France, in the media: A depressed, immobile and arrogant nation, turned towards her once glorious past.
France, in Air France‘s ambitious new advertising campaign (spring 2014:) Traditional yet modern, dynamic, and enjoying the finest things in life with panache and joie de vivre.
It is unfortunate Air France made the headlines this Fall because of a costly and damaging strike that lasted several weeks. A few months earlier, the company was in the news for an entirely different reason.
Like Orangina, another iconic French brand, Air France has always invested in advertising. Collectors covet vintage posters of the company’s past advertising efforts. The spring 2014 campaign was a hit with professionals and the general public. Many labeled it daring, and even revolutionary.
First, the new slogan. “France is in the air.” In English, no less. Who said France was not modern, and open to the rest of the world?
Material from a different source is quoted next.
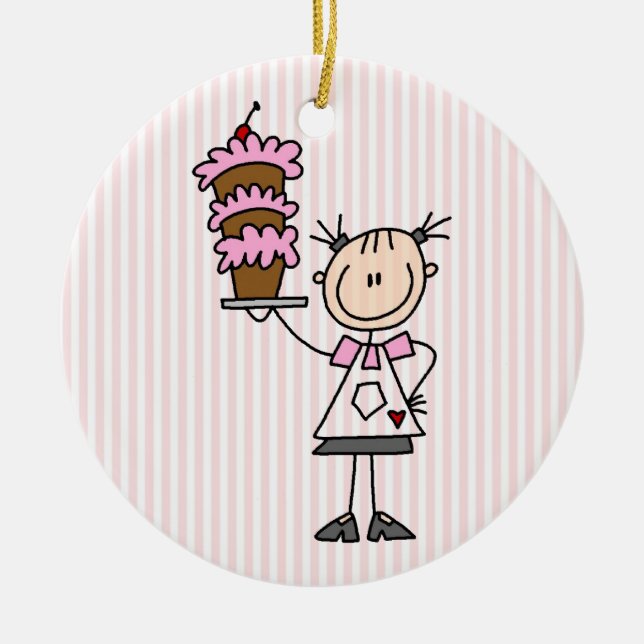 Strichmännchen Baker Keramikornament (Vorne)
Then, the posters. The six main visuals in the campaign play like an A-B-C of the much-publicized French way of life (or at least the perception of said way of life around the world.) Even as they pitch Air France‘s newest products (the spacious A380, the new First and Business classes, on-board gastronomy, SkyPriority boarding,) the playful and witty posters stand out in their own right, irresistible vignettes full of Frenchitude. The message is clear: Fly with Air France and get a small piece of France!
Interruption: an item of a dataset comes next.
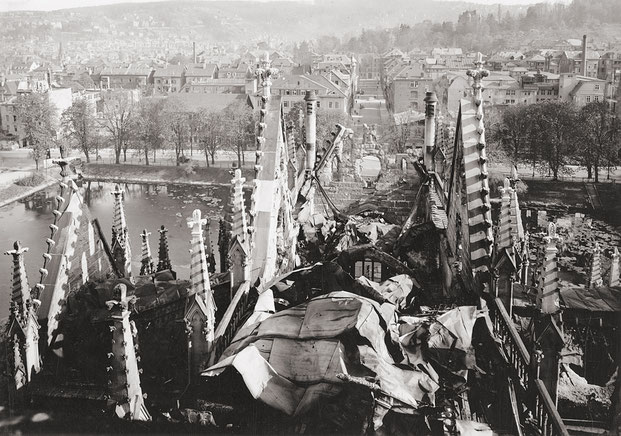 Вид купола церкви после бомбёжки 1944 года (credits: Evangelische Johannesgemeinde Stuttgart)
I find them delightful, and representative of aesthetics-minded France. The French Revolution, Versailles and the beautiful Le Nôtre gardens, the Sun King and Marie-Antoinette, the Moulin Rouge, gourmet food. Playing off stereotypes? Provocative? Who cares? They grab our attention. We relate. They work. Some favorites of mine include:
The campaign also included 12 visuals illustrating popular Air France destinations. Once again, exuberance and irreverence were de rigueur. Some did not like it, and the campaign was criticized for over-stereotyping (They pointed out Air France used Caucasian models to represent Asian and African-American women.)
This one is a winner:
Further research reveals the French company is not the first, or the only airline, to use national stereotypes to get a sales message across. Some are pretty obvious – obvious, if you reach the largest number of people, also means effective. Look at this selection of vintage posters. No harm intended, and none taken:
It seems Paris, and France, continue to inspire graphic designers (and travelers.) I would be happy to find any of these vintage posters and hang them in my living room. What about you?
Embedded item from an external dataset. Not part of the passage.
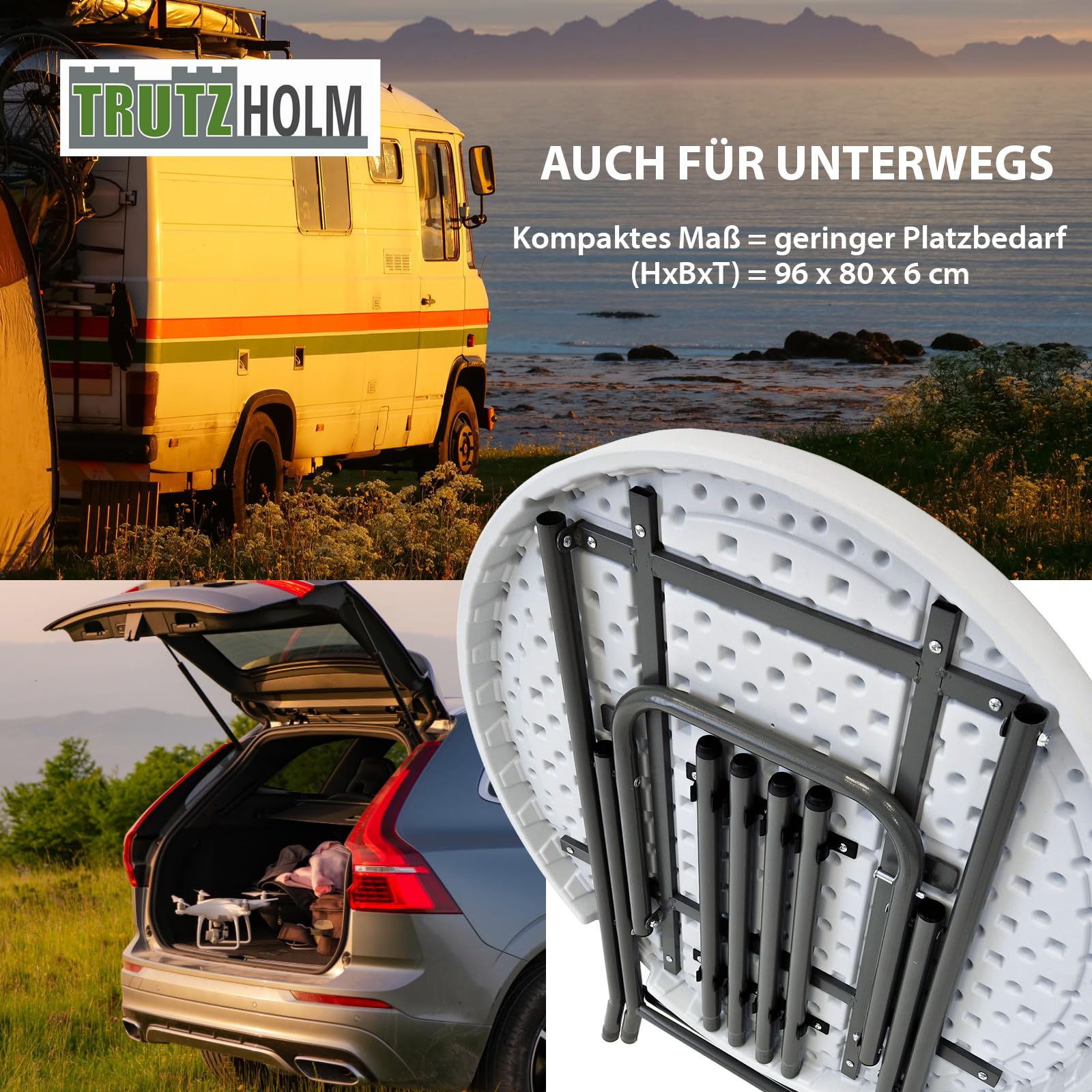 TRUTZHOLM Stehtisch ca. Ø 80cm wahlweise mit Husse Bistrotisch Partytisch Klapptisch Biertisch + Decke (Stehtisch inkl. Husse weiß)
Air France‘s timely new campaign reminds us that if morosity and angst inspire writers and journalists, légèreté and joie de vivre are much sexier… And if these colorful posters have not cheered you up yet, check out Air France‘s website where coach class menus are described in titillating detail. Revolutionary, non? Who knew airlines still cared so much about… food?
Best-kept secret about airline food: It disappeared with TWA, only to be replaced by pretzels, Two-Buck Chuck and gloubi-boulga (mush.) That is my theory, and I am sticking with it.
Bon voyage, and safe travels. I am not flying abroad any time soon, but until then, I can count on Air France to transport me, one entertaining poster at a time.
Thank you for all your entries after last week’s post! I appreciate your input, and all your friendly messages. Félicitations to Melissa Bauer, our winner.
Melissa, please contact me and let me know what prize you are interested in.
We will be happy to ship your book of choice to you as soon as you contact us with your address.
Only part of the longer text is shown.